Requirement: Each line from the one holding "Photo 21 of" to the last line below must be restated word for word, and no picture may be included.

Records to use:
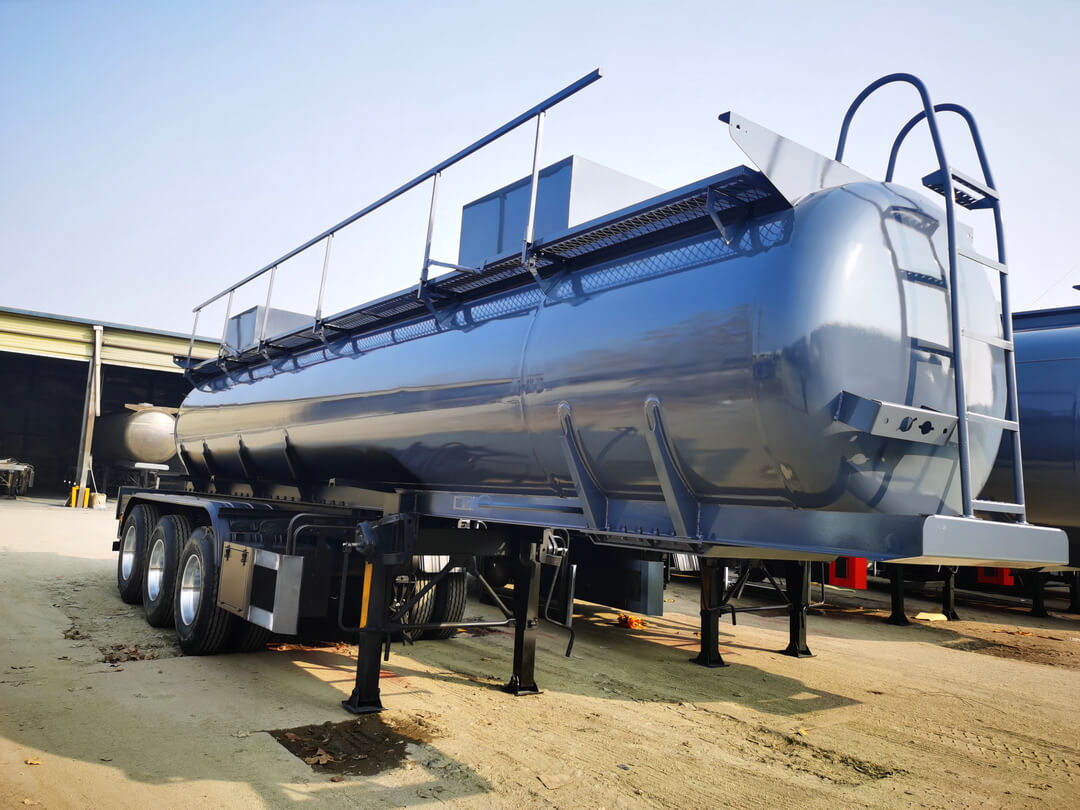 Hydrochloric Acid Tank trailer (7)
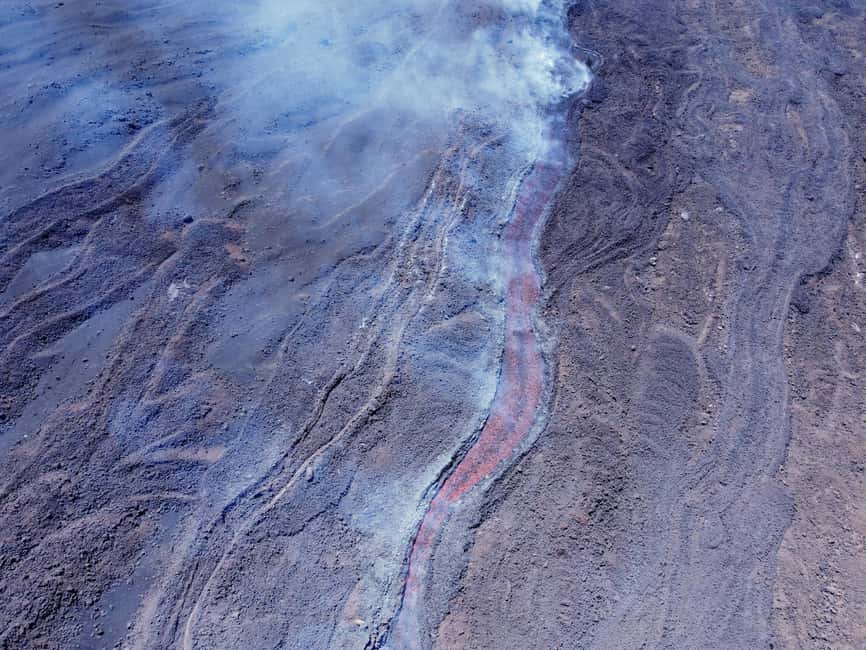 Etna: Trekking to the summit craters at 3340 meters - Standing Above the Central Crater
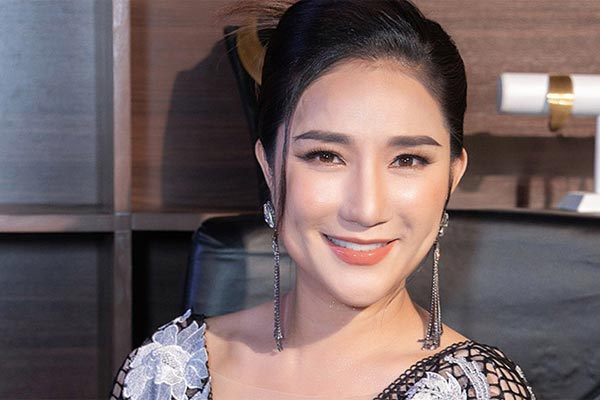 Nữ diễn viên Vbiz làm mẹ đơn thân của 5 nhóc tỳ, 2 lần huỷ hôn lộ hint sắp lên xe hoa?-5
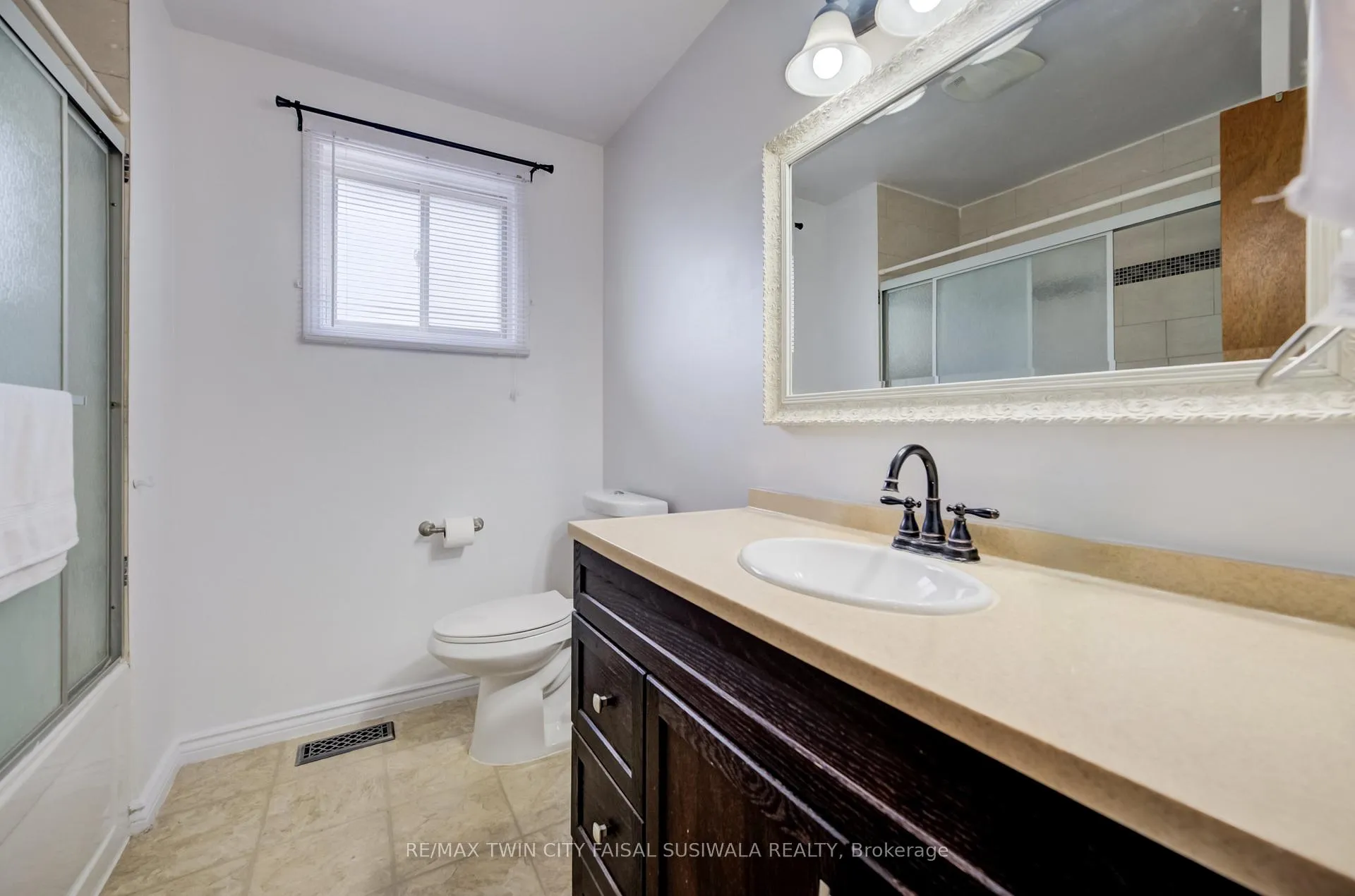 Photo 21 of 43 Middleton Street, Cambridge, Christopher-Champlain — HOMEH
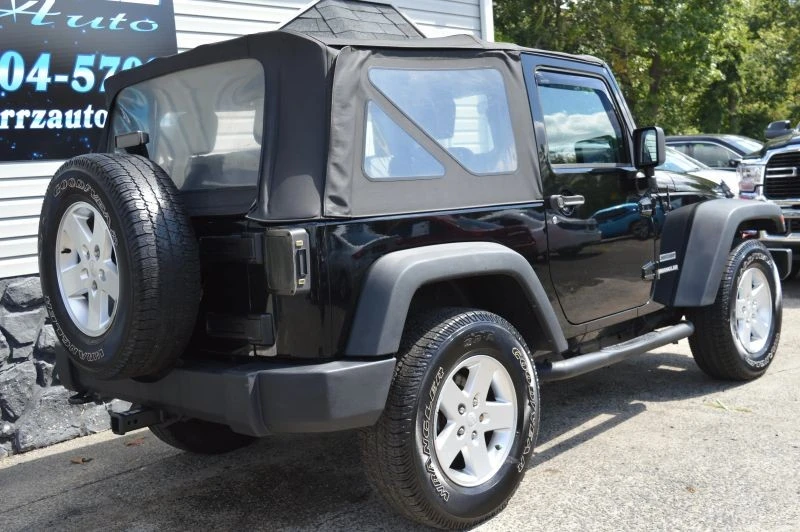 2010 Jeep JK Wrangler - Image 5 of 12
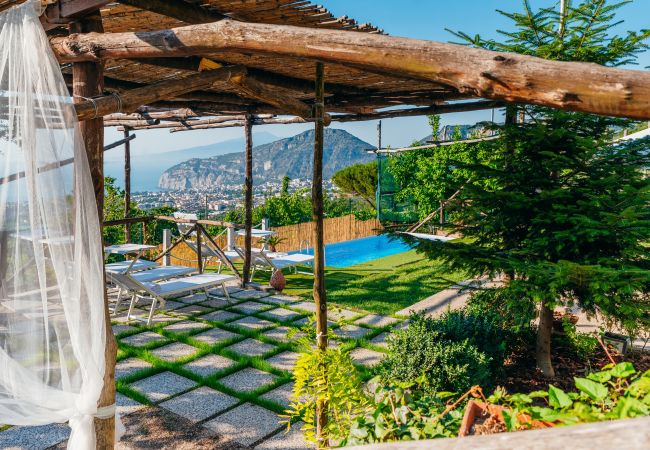 Villa/Dettached house in Sant´Agnello - AMORE RENTALS - Villa Tina with Private Swimming Pool, Sea View, Terraces, Garden and Parking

Completed exercise:
 Photo 21 of 43 Middleton Street, Cambridge, Christopher-Champlain — HOMEH
 2010 Jeep JK Wrangler - Image 5 of 12
 Villa/Dettached house in Sant´Agnello - AMORE RENTALS - Villa Tina with Private Swimming Pool, Sea View, Terraces, Garden and Parking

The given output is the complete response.